Thursday 19 March 2015

The Lent Diary - Mar 19

Fear is innate.

There is a certain fear that comes with the survival instinct and another fear that comes in times when all we stand to lose is our reputation.

I recall many years ago (nearly 30 to be exact), I was asleep in a waterbed at a friend's house. In the middle of the night, said friend woke me because she heard a sound. The dog, who was sleeping peacefully beside me woke with a start and began barking at the shadows. Me, I fled. Fight or flight? I fled. I scrambled across the bed to get away from the danger, terrified, afraid for my life. It took me years to find the humour in the fact that you can't easily launch yourself out of a waterbed. I liken it to Fred Flintstone's legs going a mile a minute but his body not moving at all and a xylophone beating out the tune of his feet spinning in mid-air.

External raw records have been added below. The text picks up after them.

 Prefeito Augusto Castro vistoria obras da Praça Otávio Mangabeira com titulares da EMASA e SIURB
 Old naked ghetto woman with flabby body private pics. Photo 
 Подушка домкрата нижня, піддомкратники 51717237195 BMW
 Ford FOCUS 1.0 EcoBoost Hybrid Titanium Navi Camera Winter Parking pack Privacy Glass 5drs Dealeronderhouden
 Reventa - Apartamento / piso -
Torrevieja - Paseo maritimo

It's true that fear is a driving force in most people's lives. We are afraid to say what's on our minds and when we do find the visceral fortitude to speak out, we tend to water down the issue that's been brewing at the back of our minds so it is palatable to those around us, fearful of the judgement to come should it not be well received. Sometimes that fear leads to a better understanding of the issue in our own minds. Other times, it's just a cop out, blaming fear for holding us back.

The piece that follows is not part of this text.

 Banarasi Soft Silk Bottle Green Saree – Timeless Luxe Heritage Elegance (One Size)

Last night, I was driving home just after midnight and as I pulled off the 401 and turned onto Montreal Street, a large puff of smoke ran across the road about 100 yards ahead. It stopped part way across and looked right into my headlights and that's when I could see it was a wolf. A very large, grey wolf with a black head, puffy tail and long, white legs. I slowed the car and the wolf dipped his head as if taunting me to charge at him. Then he pushed off with his horse-like legs and disappeared up someone's driveway and into the night.

My heart was racing and the bottoms of my feet tingled. I was ready to bolt from fear for my life, just like the night I tried to leap out of a waterbed. The wolf, on the other hand, seemed not to fear the two tons of vehicle headed his way as much as he feared that I saw him. Out of his element. In the urban jungle rather than the forest where he belonged. He feared me seeing him not as a fearsome predator but as a hungry, garbage-eating critter no different than a rat or raccoon.

I felt the survivalist's fear, he felt the fear of losing face. If only he knew how privileged I felt having seen him at all. And maybe that's what I need to keep in mind the next time I fear speaking my mind, just let yourself be seen at all. Like the wolf, you don't know what people really think of you and it might not be that bad.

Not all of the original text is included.